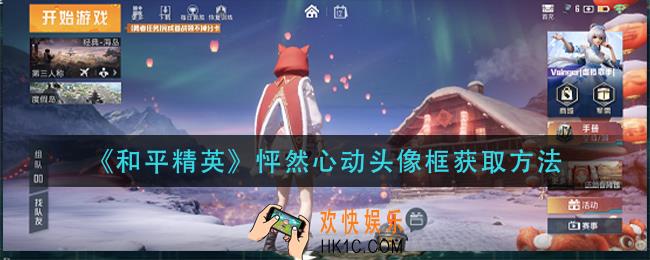 和平精英怦然心动头像框怎么获得_怦然心动头像框获取方法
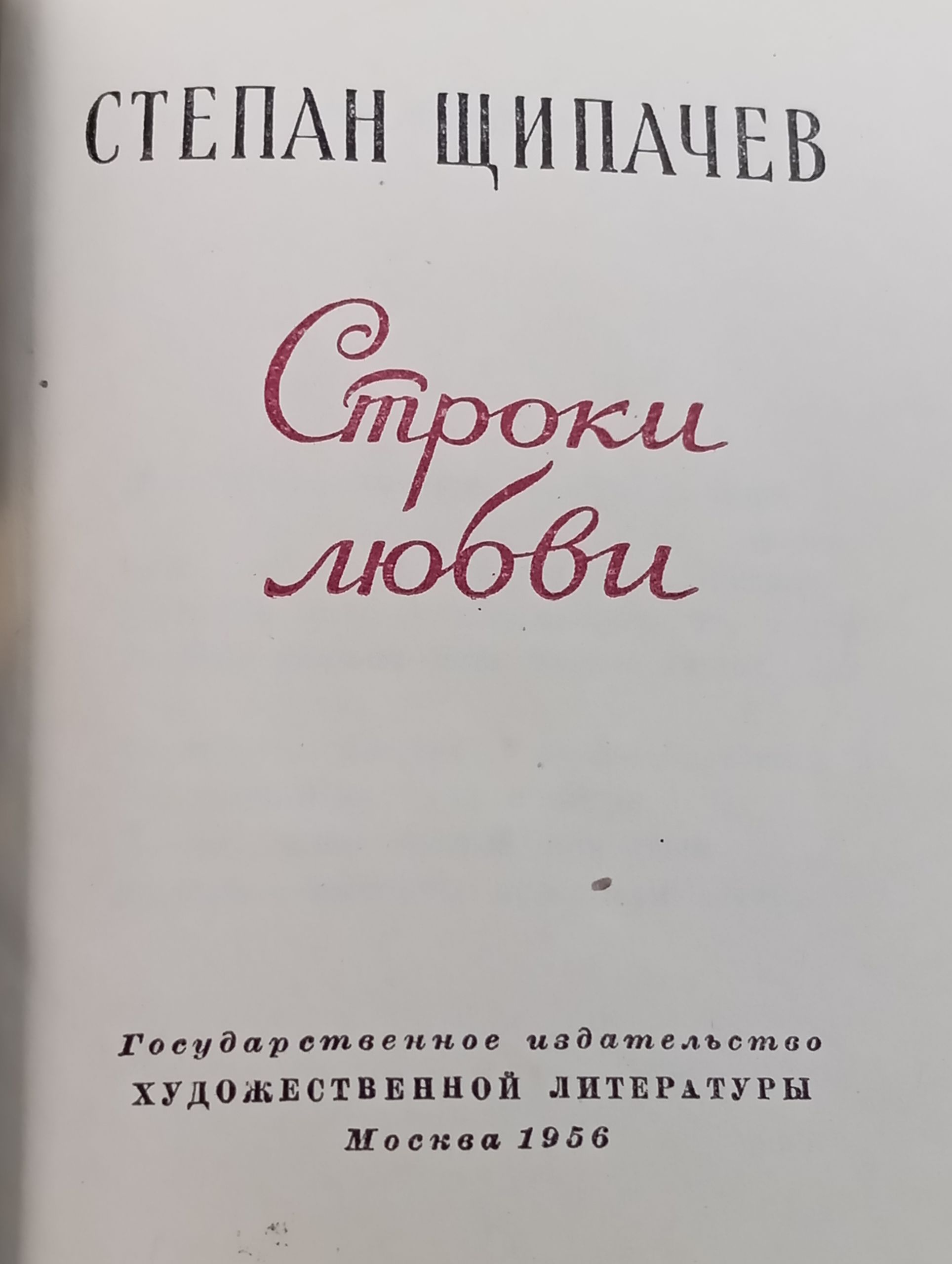 Строки любви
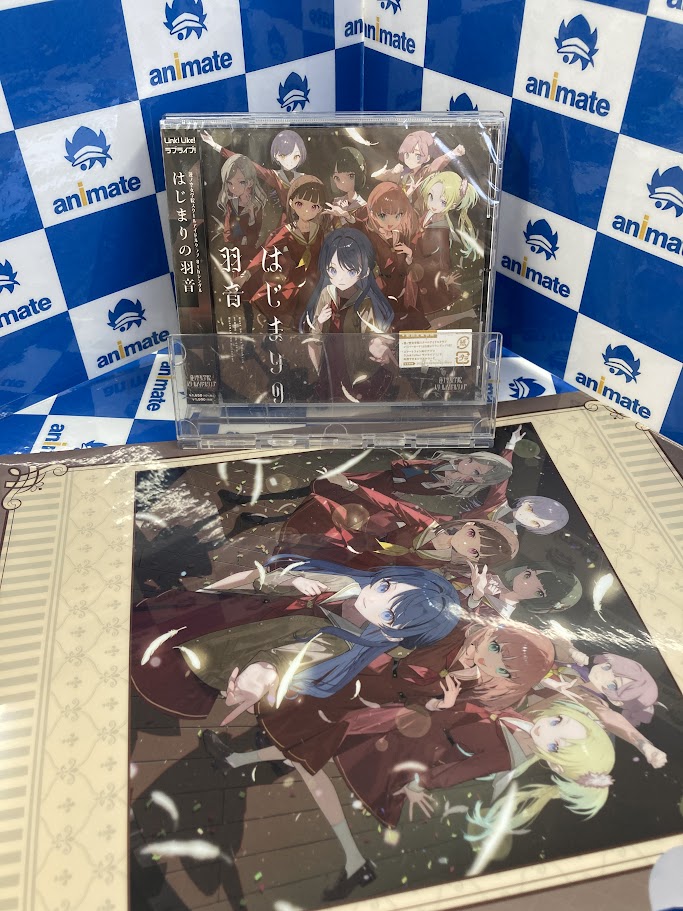 CD入荷情報】 12/24発売 CD 『＃ラブライブ！ ＃蓮ノ空女学院スクール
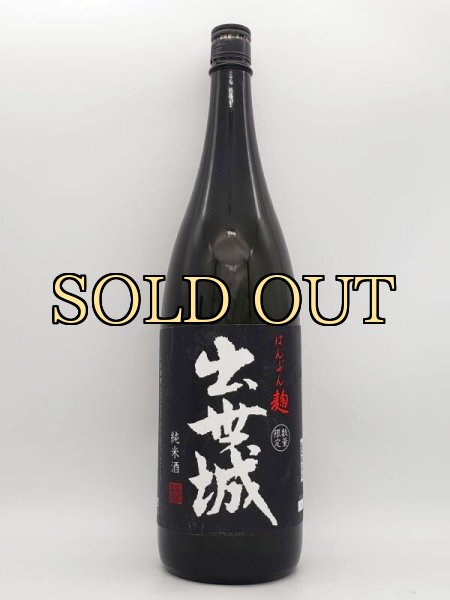 画像1: 出世城　純米酒　はんぶん麹仕込み　1800ml　　　（2023・4月限定商品） (1)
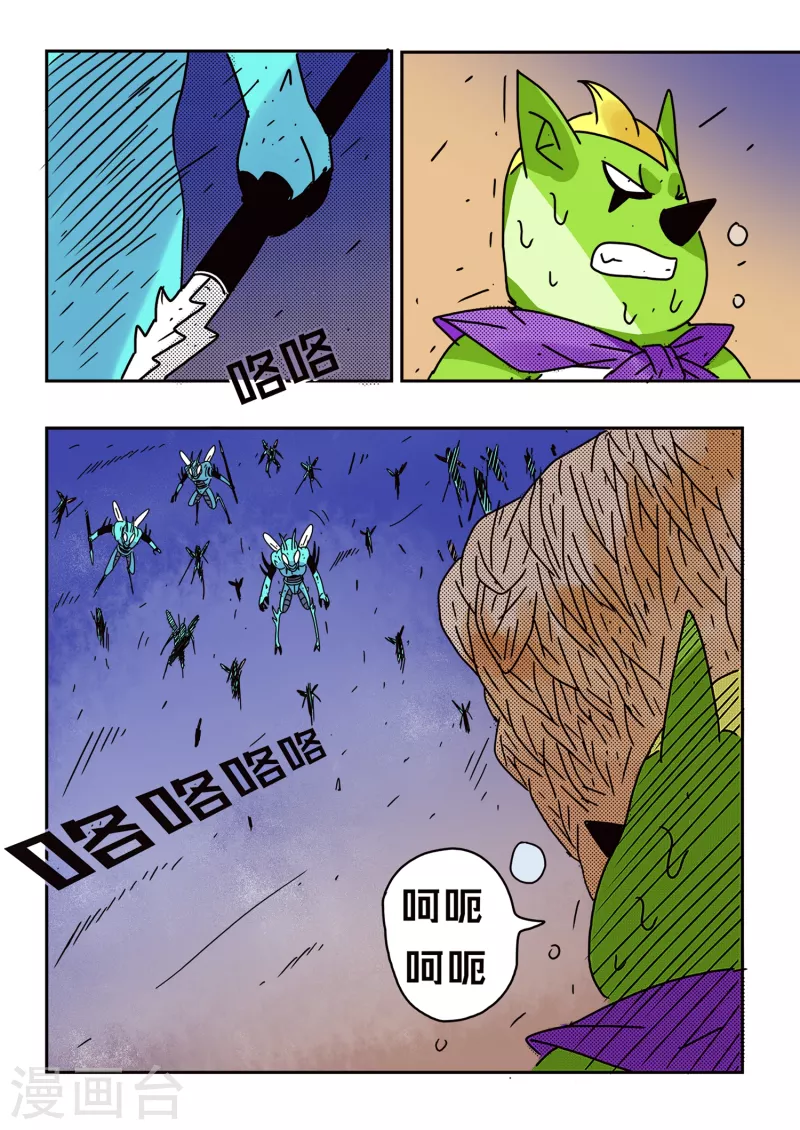 🍱少年白牙 第58话 第13页
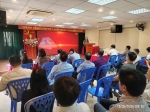 ĐẢNG ỦY CÔNG TY CỔ PHẦN ĐỒNG XUÂN TỔ CHỨC HỘI NGHỊ QUÁN TRIỆT CHỈ THỊ SỐ 09-CT/TU VÀ ĐỀ ÁN SỐ 05-ĐA/TU
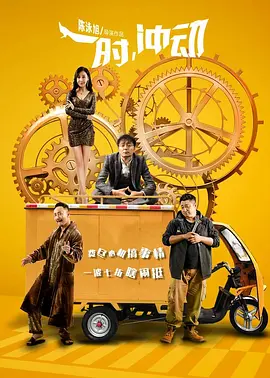 一时,冲动海报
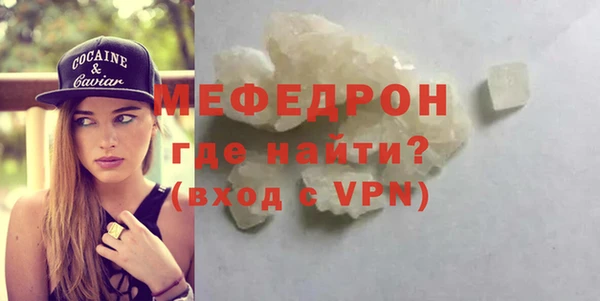мяу мяу мука Армянск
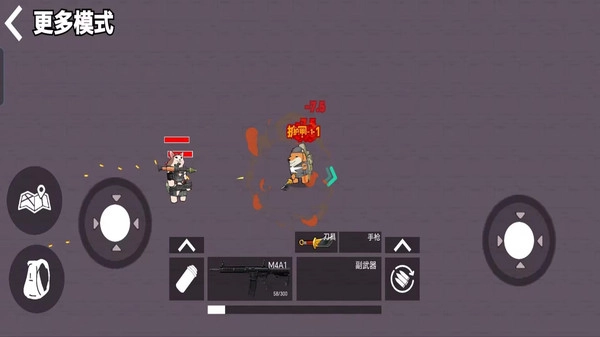 狗狗三角洲绝区突围图4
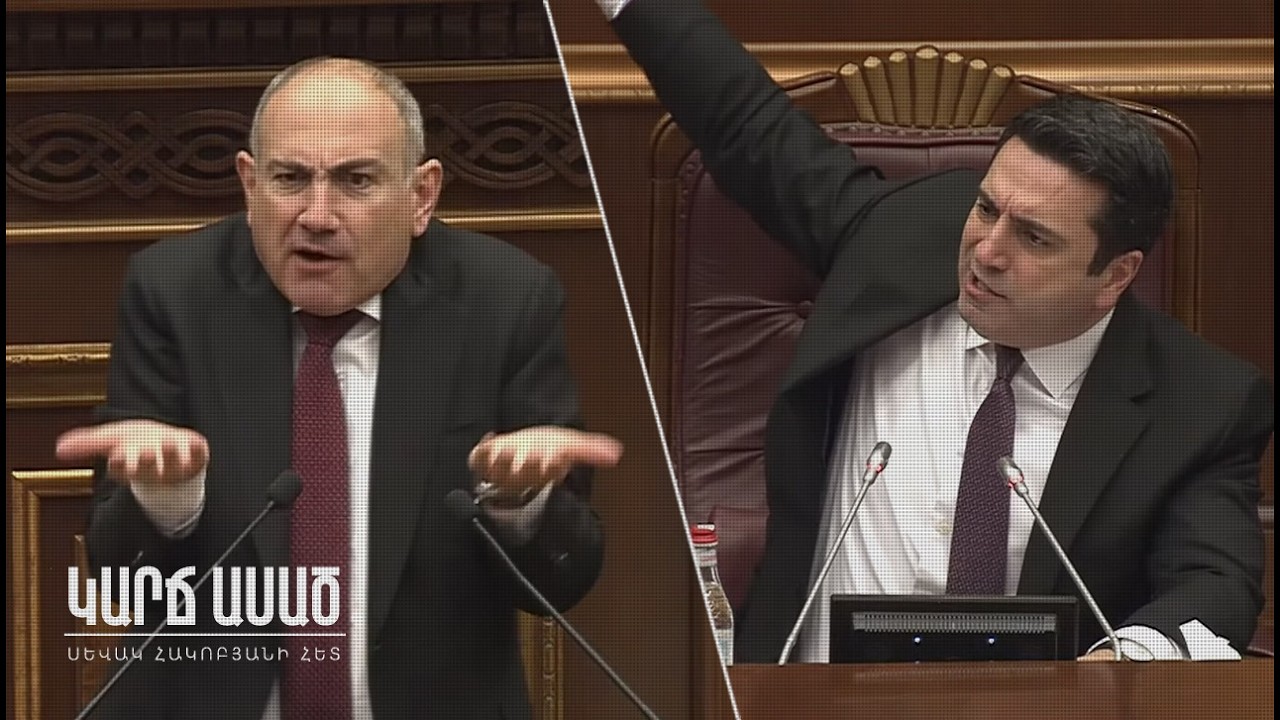 Փաշինյանն արդեն շատ հաճախ է կորցնում ինքնատիրապետումը․ «Կարճ ասած»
*****
▶ **Try it**:
From the line holding "мяу мяу мука Армянск" through the last line of the material above, each line should be written out exactly, both included; omit the pictures.

▶ **Answer to this task**:
мяу мяу мука Армянск
 狗狗三角洲绝区突围图4
 Փաշինյանն արդեն շատ հաճախ է կորցնում ինքնատիրապետումը․ «Կարճ ասած»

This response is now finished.